/sl_core

Core application code for SuperLearner, templates, and documentation.

Primary LanguagePython

sl_core

Core application code for SuperLearner, templates, and documentation.

TL;DR

# Run the SuperLearner locally with sample data
git clone https://github.com/parallelworks/sl_core
cd sl_core
./local_superlearner_test.sh

Usage

For testing the usage of the SuperLearner, please start with train_predict_evaluate.sh which is a wrapper that launches the learning part of the SuperLearner code (train.py) as well as post-training operations of making predictions (predict.py), estimating errors via a regression and principal component analysis (PCA, pca.py) and running feature permutation importance (FPI, fpi.py). The launch script local_superlearner_test.sh is a template for how to specify the options of train_predict_evaluate.sh.

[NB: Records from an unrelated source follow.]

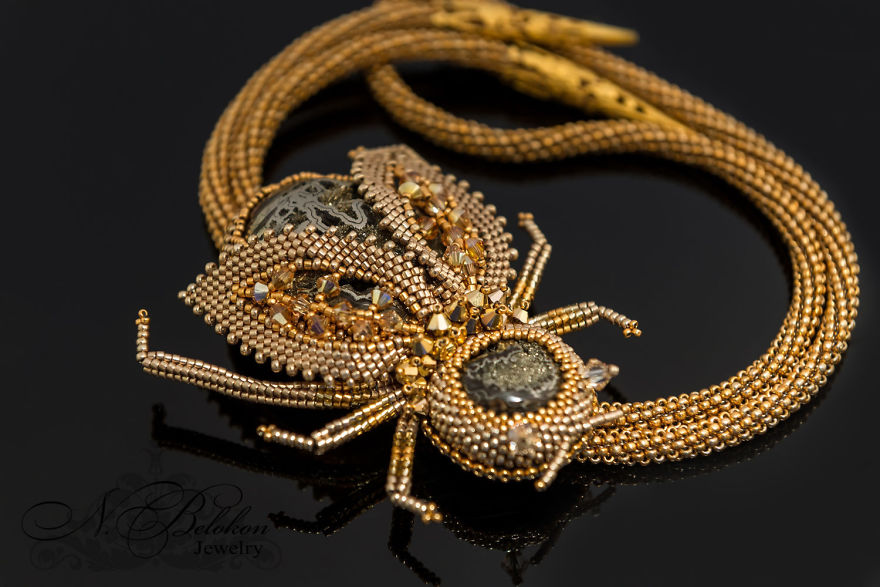 Gorgeous Beaded Insects Made By Russian Craftswoman Completely By Hand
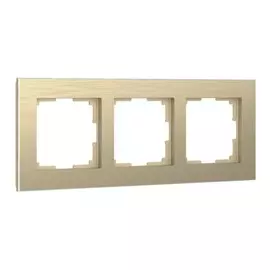 Рамка на 3 поста (шампань алюминий) Aluminium Werkel W0031711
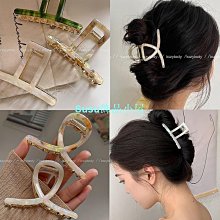 巨能抓~珍珠盤髮抓夾女後腦勺植絨抓夾2023年新款高級感鯊魚夾子 歷史價格詳細信息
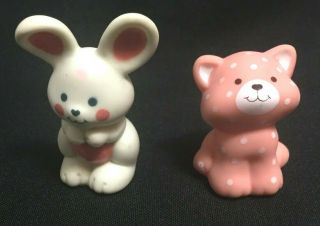 Vintage Strawberry Shortcake Doll Mascots Hopsalot Bunny And Custard Cat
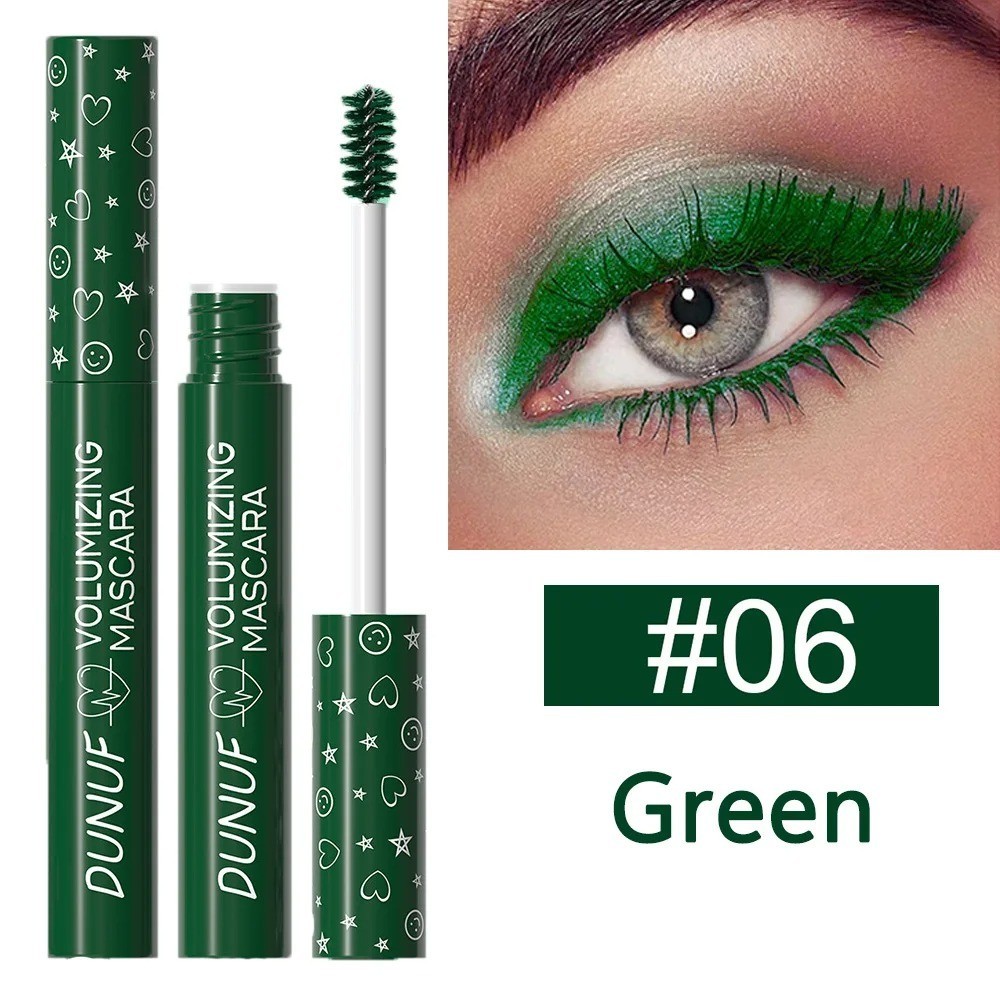 Waterproof Colorful Mascara Fast Dry Curling Multicolor Lash Makeup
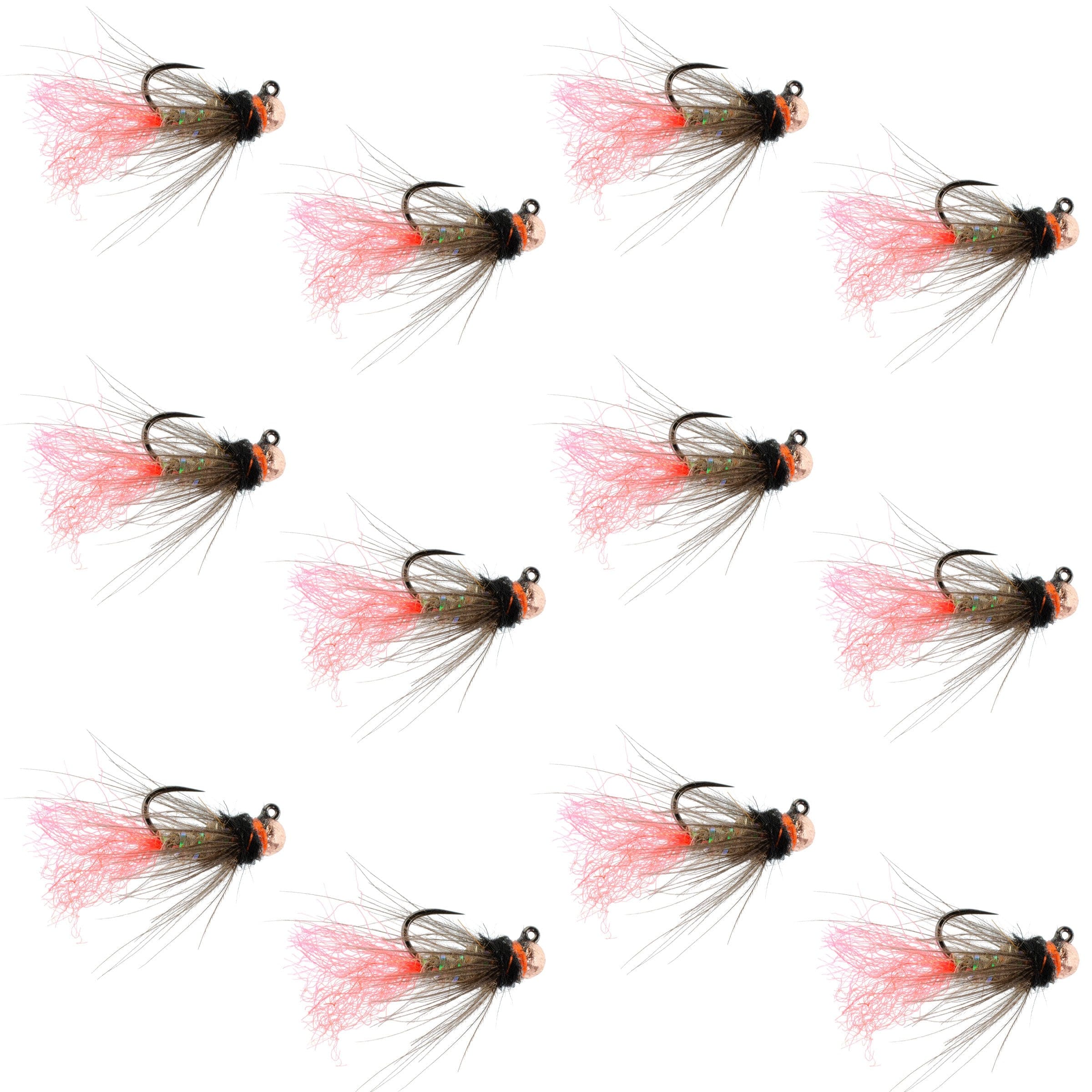The Fly Fishing Place Trout Wet Flies Tungsten Bead Jig Tasmanian Devil Tactical Czech Nymph Euro Nymphing Fly - 1 Dozen Flies Size 14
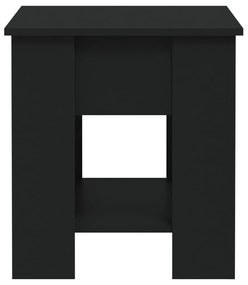 Tavolino da salotto nero 101x49x52 cm in legno multistrato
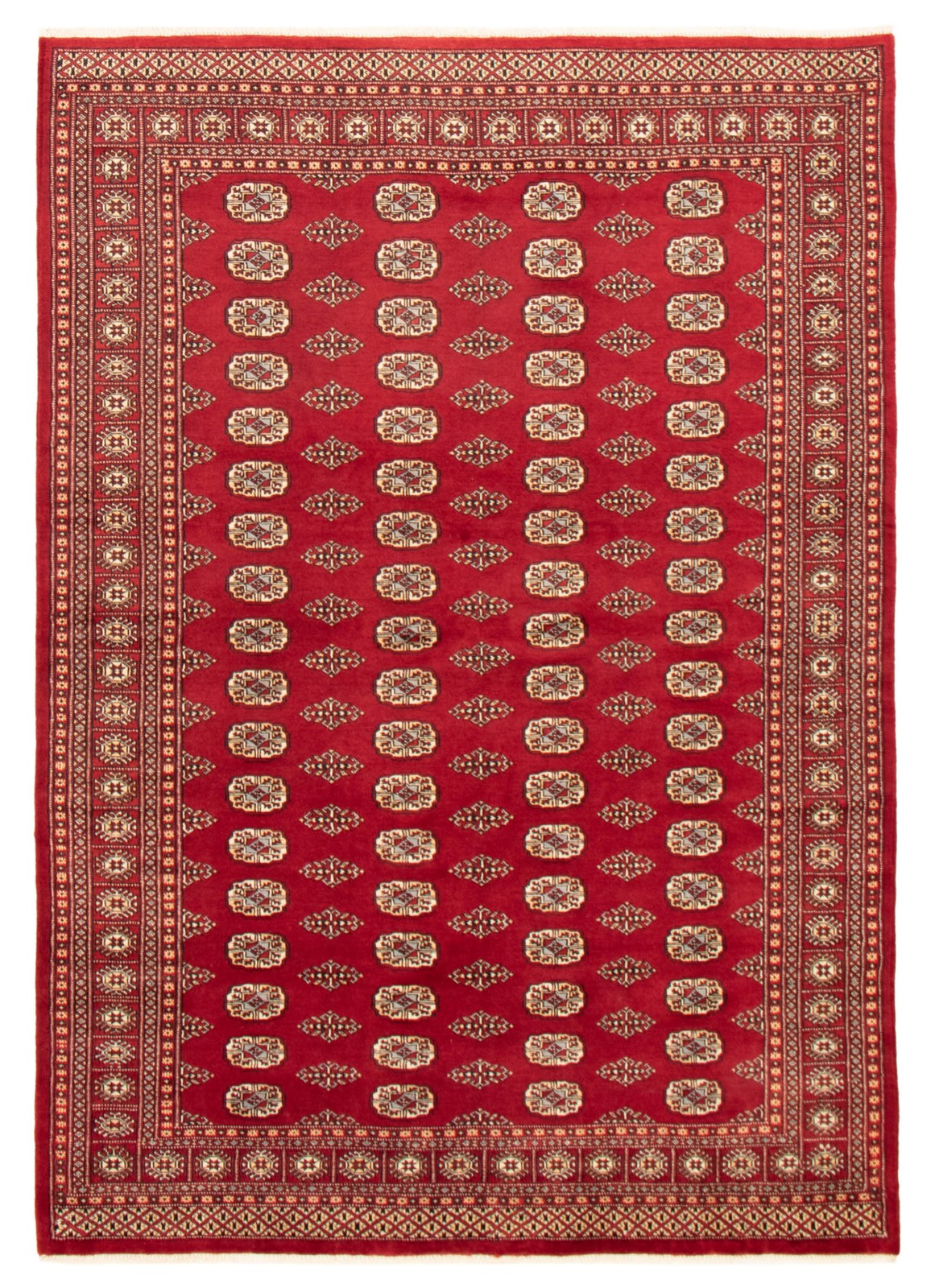 Hand Knotted Area Rug 6’6″ x 9’3″ Traditional Oriental Wool Carpet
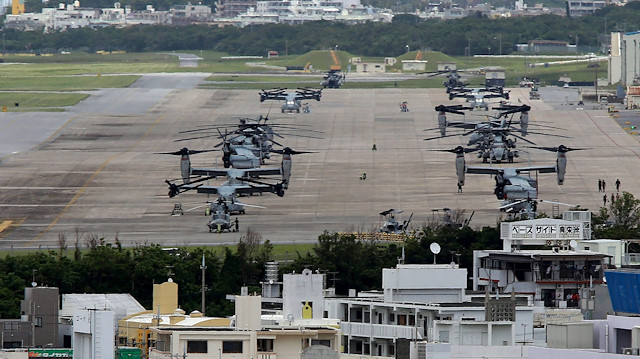 Japonya'daki Okinawa ABD Hava üssü.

Broadly, train_predict_evaluate.sh is meant to be launched as part of a larger workflow that includes syncing machine learning code, data, and archives via GitHub and running multiple instances of the SuperLearner in parallel. This workflow is defined by workflow.sh (the code) and workflow.xml which is a "form" displayed by the PW platform that allows for users to specify workflow parameters and launch the workflow via calls to the PW API. API-launching a workflow is particularly useful when integrating the workflow with GitHub actions since the actions run as Docker containers on GitHub and can be set up to launch PW workflow through the API. Please see the ML-archive repository associated with this workflow for more information.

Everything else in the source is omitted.